I was waiting for her to finish putting the nail polish brush back in the glass bottle . . . and then I pounced on her, biting her on the shoulder and neck.
She yelled at me that the nail polish hadn’t dried yet. I told her that I don’t care, she could continue to lie on her back with her hands in the air like a dead cockroach. I rolled up her pink robe and kissed her whole body while it was still hot from the shower. I kissed her navel and bit her waist. With my fingers, I could feel how wet she was. If I can’t please her properly, at least I’ll do whatever I can. Otherwise, who knows where she’ll go? Adva was generous in bed; I was stingy. Donna moaned when I licked her. She closed her hips on me. Her breathing increased and she grabbed my head and pushed me in deeper. It tasted hot and thick and salty, like the taste of sweat and blood. She sighed as though she were suffering, and the heat of blood began to drip from my chin.
“Are you okay?” she asked.
“Yeah, I just checked. It’s not blood.”
“Why would it be blood? I’m not PMS’ing,” she said.
I told her it didn’t matter.
“That’s it?” she asked as I got out of bed.
“I have to study,” I said.
“Did you find valedictorian aspirations between my legs? Come on. Don’t let him go down,” and when she said “him,” her hand went to my schlong.
“Don’t worry about it,” I told her and went to the shower, leaving behind every man’s dream.
Chapter 15
The first three months in the new unit had been strange. I hadn’t handcuffed anyone or pulled my gun out even once. There were a few short pursuits during night arrests that ended with somebody in handcuffs, but they weren’t especially challenging. I only raised my voice a few times, when people we brought in for questioning thought that they were doing me a favor by answering. Besides that, the field patrols were similar to what I had done in the army. You go out, drive around, and come back. The conversations we conducted with the Palestinians we visited were mostly calm. We spoke to the neighborhood barber and the coffee shop owner.
I knew some basic Arabic when I came here, thanks to Arabic lessons in high school and Dad’s conversations with his Halaby-Syrian mother. I’ve picked up a sentence here and there and tried to put things together; sometimes it worked, sometimes it didn’t.
There also was a third language that I needed to learn (or to ask Leroy about twice a day): ISA jargon. An “agent” isn’t actually a spy. The agents are operated by their agent handler, or “captain”, inside the enemy’s infrastructure. The agent would usually meet with his handler and they would talk for hours about life while eating and drinking together. It could take weeks or even months until the agent gives him critical information. One piece of information from the deep core of the enemy can be more useful to the state than thousands of soldiers. A “recruiting” process is when the captain tries to turn someone into an agent. In other words, the recruiter asks a stranger to lie to the whole world, except for him. The captain transfers all the information he receives to the desk analyst, who gathers the data and informs the captain about what his next step will be. Then they argue.

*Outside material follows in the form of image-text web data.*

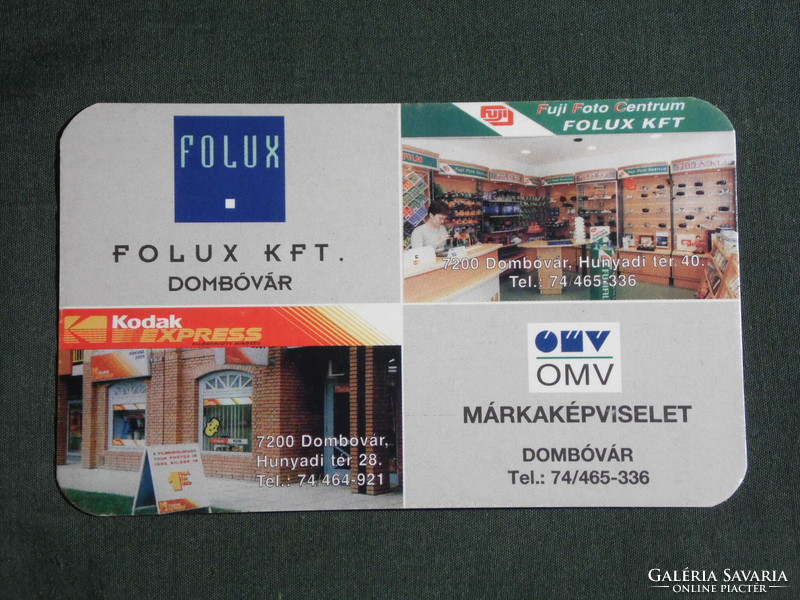Kártyanaptár, mozaik,Dombóvár , Kodak,Fuji fotó üzletek, OMV márkaképviselet, 2000, (6)
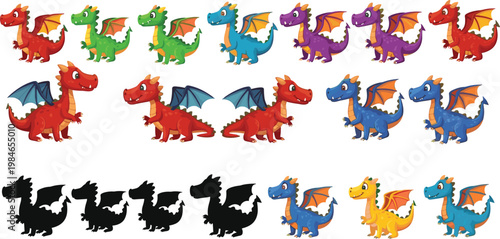Cute Dragon Cartoon Vector Illustration Set with Colorful Fantasy Baby Dragons and Silhouette Collection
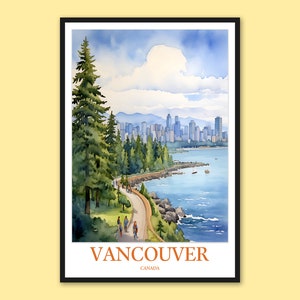 Vancouver Skyline Print: Stanley Park Travel Poster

I returned to the university as my second year of studies began. My daily routine was split between learning about international laws of sovereignty on campus, while at the same time at the ISA headquarters, I learned how terrorists smuggle communications equipment into the jails. I learned that there are actually pens that shoot. Amit showed us how a guard from the unit caught a tiny polymeric knife that was hidden in the elastic in the pants of an ex-prisoner, before a recruiting meeting with the captain. Every two weeks Amit tested us on the past two weeks.

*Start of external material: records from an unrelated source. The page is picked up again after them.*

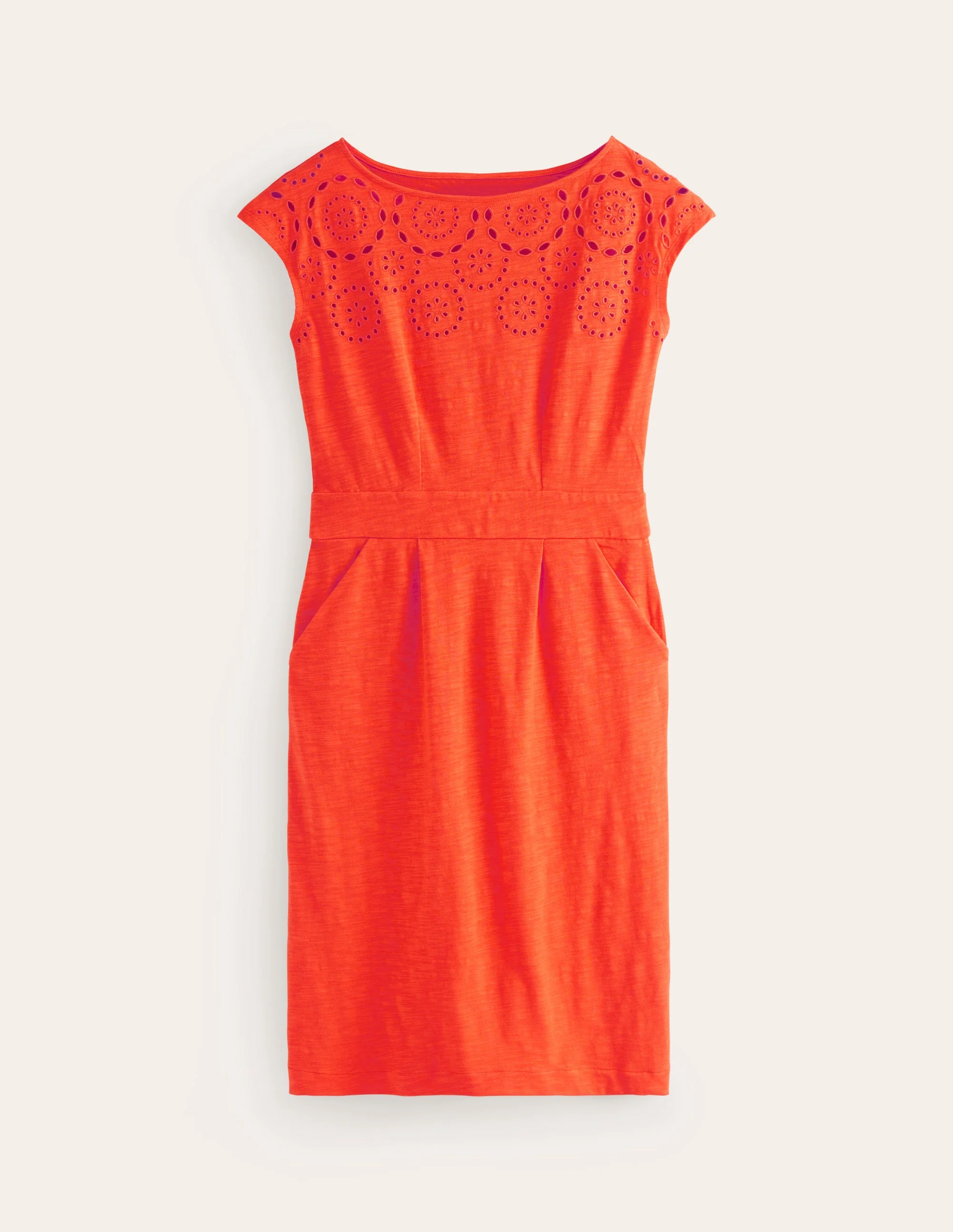 Florrie Broderie Dress-Mandarin Orange - Image 5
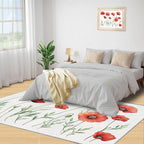 Little Red Flower Rugs for Bedroom - 4x6 Area Rug - Abstract 3D Flowers Rugs for Living Room, Modern Simple Art Rug, Non-Slip Washable Home Decor Carpet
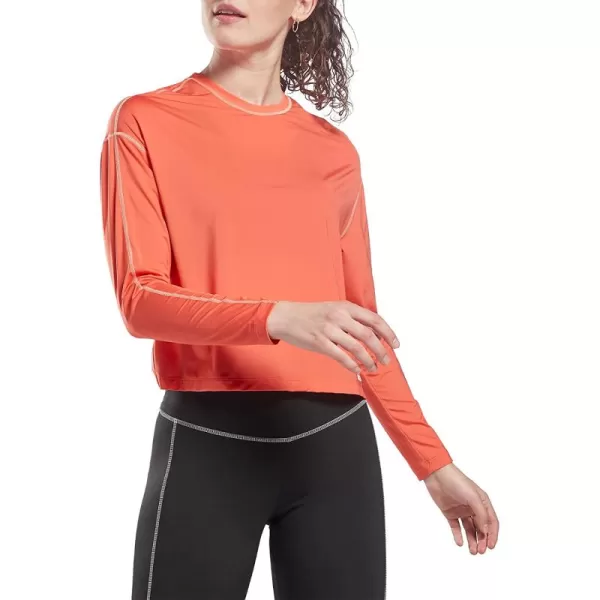 imageReebok Womens Core 10 Loose Fitting Long Sleeve Shirt in Semi Orange Flare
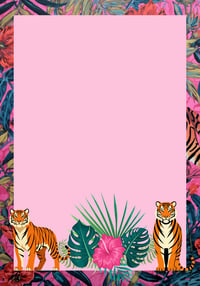 Digital Download Trending Pink Tiger Notepad Page, printable stationery, notes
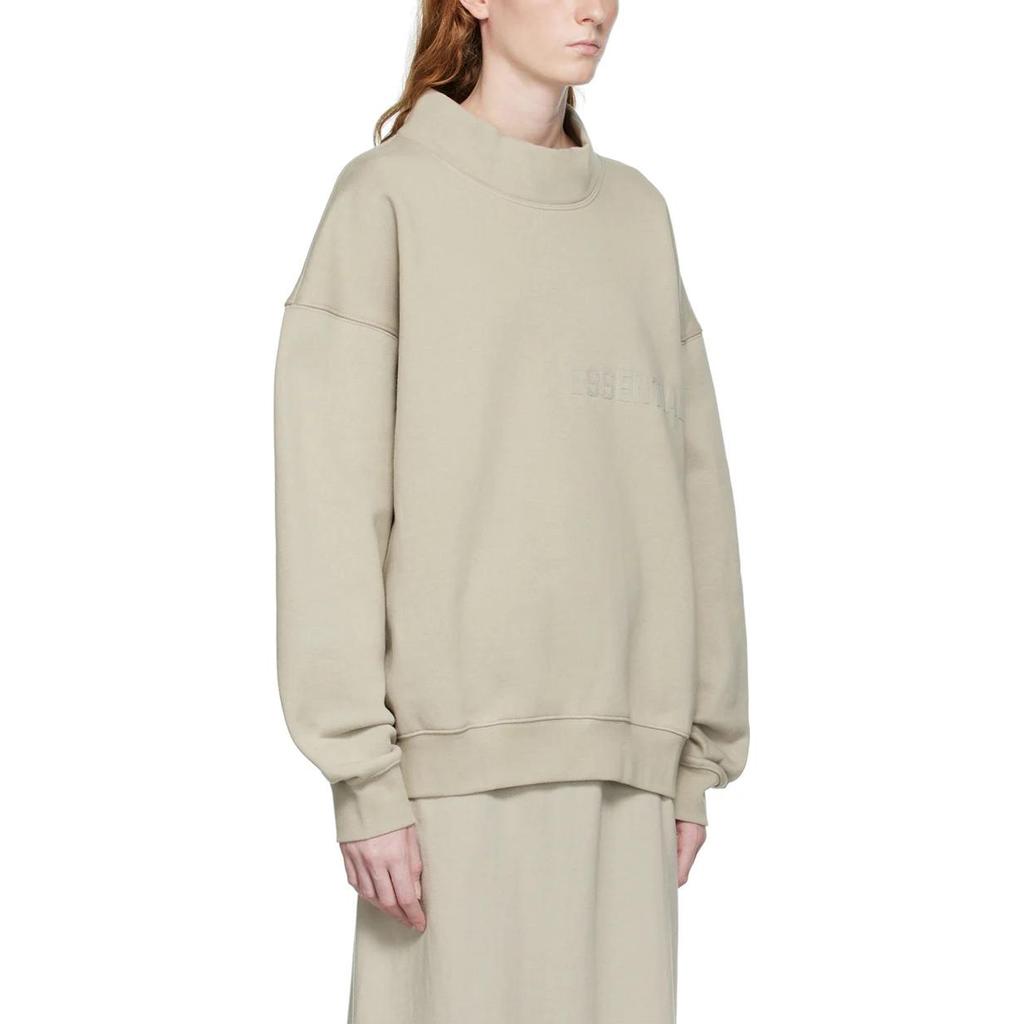Fear Of God Essentials FW22 Smoke Mock Neck Pullover Fleece Sweatshirt Women sweatshirt Ash-Gray FOG-FW22-824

He built an exhibit in his office of “gifts” that handlers received from suspicious people in their operational area. In the past, these were paperweights with an eavesdropping device; today they are phone case covers with concealed chips that draw information from all the credit cards in the room.
We watched the video of a meeting that that went wrong between Captain Yunas and an agent he handles. The agent was in the middle of a divorce, and a tense conversation quickly escalated into a physical threat. Little did the agent know that the meeting was supervised, and he was very surprised when a security guard broke into the meeting and handcuffed him. An hour later, at the end of the meeting, they kissed each other good-bye.

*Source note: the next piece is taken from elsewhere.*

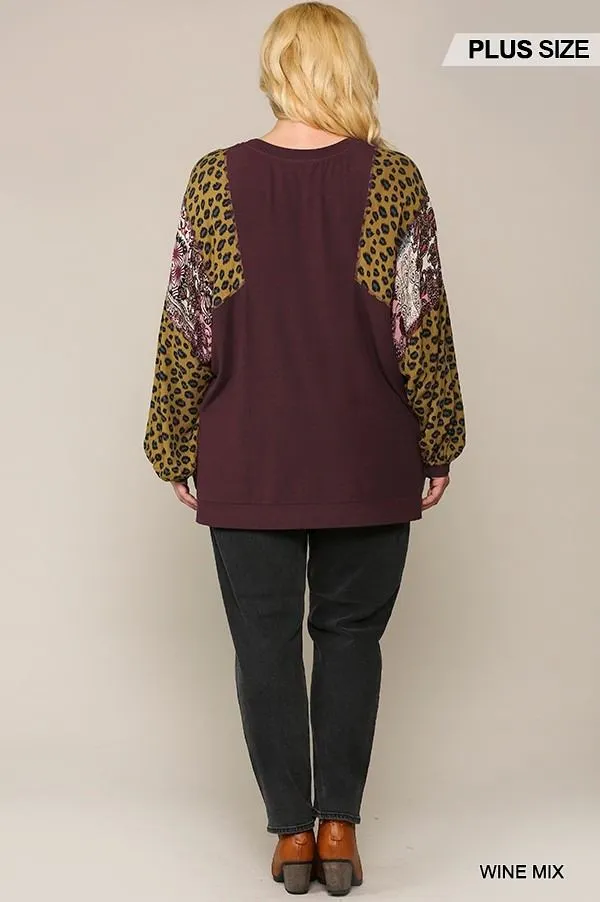 Animal And Paisley Print Mixed Tunic Top With Side Slit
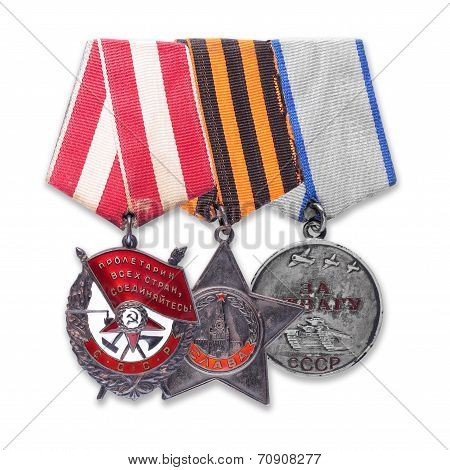 Order Of The Red Banner, Glory, Medal For Courage. Isolated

Leroy especially enjoyed the costumes as we learned how to pick up agents. I liked the way I looked in a police uniform. Arik got into the cab, turned on the radio, and said to Bitton in his heavy South-African accent: “AG, pile in! I’ll take you wherever you want!”
Amit told him to think up another cover.
The Hebrew University didn’t care what I was doing besides studying. As far as they were concerned, I could have been James Bond or working as a waiter and it wouldn’t have made difference to them. The assignments kept coming. How am I supposed to get through exams at the end of the semester? What if there’s a significant escalation during finals?
Studying at the Mount Scopus campus and working at the heart of the security center were two forces competing for my presence and time. One day I learned about the concept of “sovereignty” − and the next day I implemented it. One day I learned about the legal status of the West Bank − and that night I found myself on the roof of a building in Bethlehem, arresting a suspected terrorist. My political science studies taught me some theories about the conflict in the Middle East, but my work at the ISA taught me the practice of it.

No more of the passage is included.